Describe the overall approach.
Address hypoxemia
Apply lung-protective ventilation strategies.
Augment therapy as needed based on severity (see the Berlin criteria for ARDS).
Moderate-severe ARDS: Apply prone positioning, lung recruitment maneuvers; consider neuromuscular blockade.
Severe ARDS refractory to therapy: Consider indications for ECMO.
Identify and treat the underlying cause (e.g., pneumonia, pancreatitis, sepsis).
Approach (figure).
What are key principles in management for all patients with ARDS?
The foundation of management in all patients with ARDS consists of treating hypoxemia, lung-protective ventilation (to minimize further lung damage), treatment of the underlying cause, and supportive care.
Describe the key principles of management in more detail.
Oxygenation: Hypoxemia is a hallmark feature of ARDS and should be addressed immediately.
Lung-protective ventilation: All patients with ARDS should be treated with lung-protective ventilation to decrease the risk of VILI. [9]
General initial settings include:
Low tidal volume (Vt 6–8 mL/kg) : prevents alveolar distention
Low plateau pressure (PPlat ≤ 30 cm H2O): prevents barotrauma
PEEP > 5 cm H2O: allows for alveolar recruitment
Allow for permissive hypercapnia
PEEP and FiO2 can be adjusted to recruit collapsed alveoli and improve oxygenation.

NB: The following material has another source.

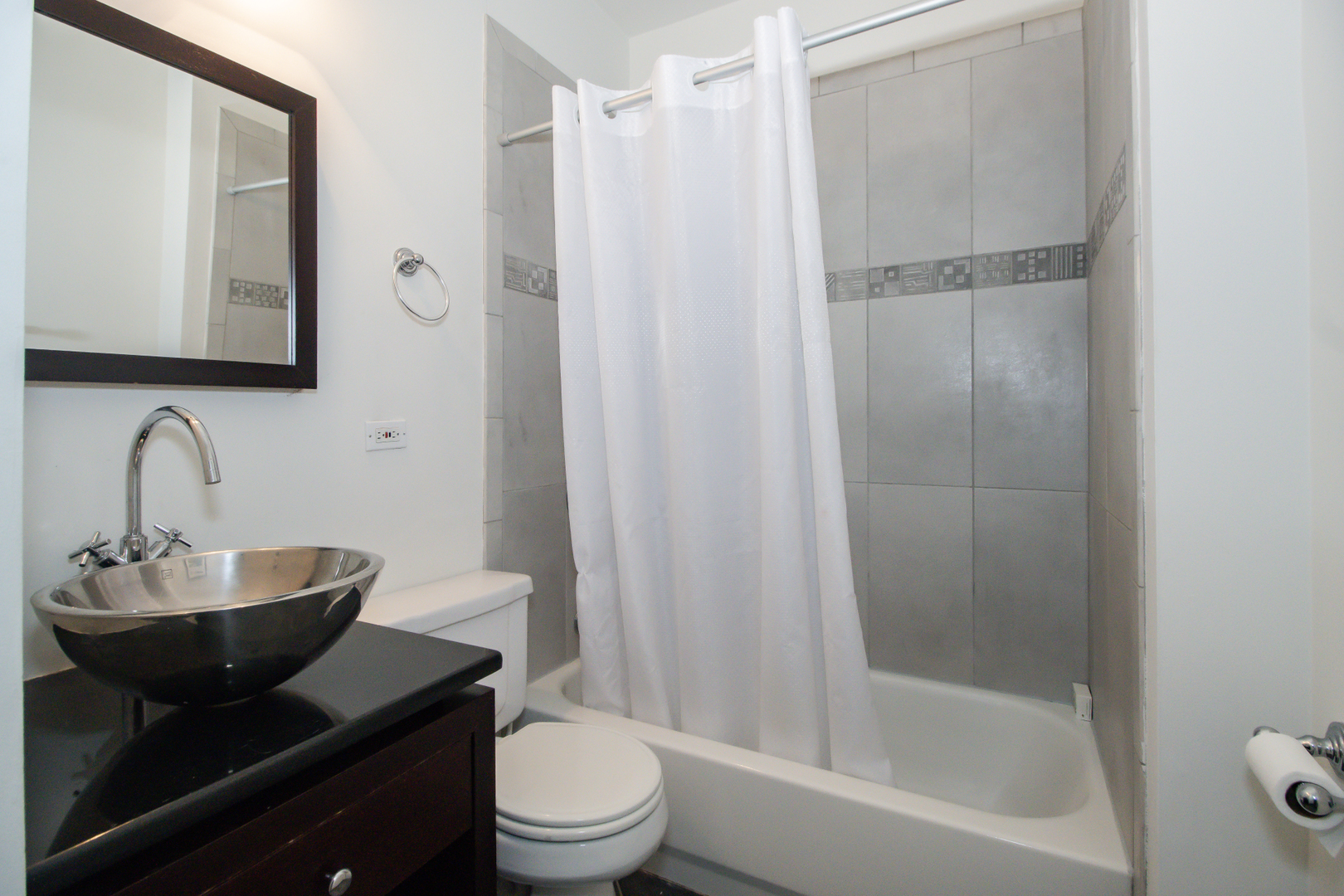 323 W Schiller Street Unit: 1W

Oxygenation goal: PaO2 55–80 mm Hg or SpO2 88–95%
Avoid oxygen toxicity: use lowest FiO2 possible
See lung-protective ventilation strategy for more information and specific parameter settings.
See also “Intensive care” in “COVID-19.”
Supportive care
Conservative fluid management
Consider furosemide for volume overload.
VTE prophylaxis
Optimize nutrition.
Consider stress ulcer prophylaxis
Describe the management of moderate to severe ARDS.
Prone positioning
Effects
Reduces V/Q mismatch from dependent atelectasis
Increases lung compliance
Indications
P/F ratio < 150 mm Hg
Pulmonary edema
Lung recruitment maneuvers
Definition: a series of treatment measures that increase the surface area of lung available for gas exchange
Methods
Sustained inflation techniques (e.g., increasing airway pressure to 30–40 cm H2O for 30–40 seconds followed by a decrease in PEEP)
Incremental PEEP increase
What should be other considerations?
Neuromuscular blockade
Consider within the first 48 hours for patients with P/F ratio < 150 mm Hg and/or severe patient-ventilator dyssynchrony. [14]
Corticosteroids: Consider in early ARDS
Describe the rescue therapy for Severe ARDS with persistent hypoxemia.
The following interventions should only be considered with expert consultation and when guideline-recommended treatments have failed.
Consider alternative ventilator settings (e.g., mode, parameters, or overall strategy): See mechanical ventilation.
Consider experimental therapies (e.g., inhaled vasodilators such as nitric oxide or prostacyclin).
ECMO: method of supporting the O2/CO2 exchange through the use of artificial lung membranes
Describe the prognosis.
Disease course
Most patients begin to improve after the first 1–3 weeks and symptoms usually resolve fully.
Some develop interstitial pulmonary fibrosis with prolonged ventilator dependence and restrictive lung disease.
In patients with simultaneous multiorgan failure, the mortality rate is 30–50%.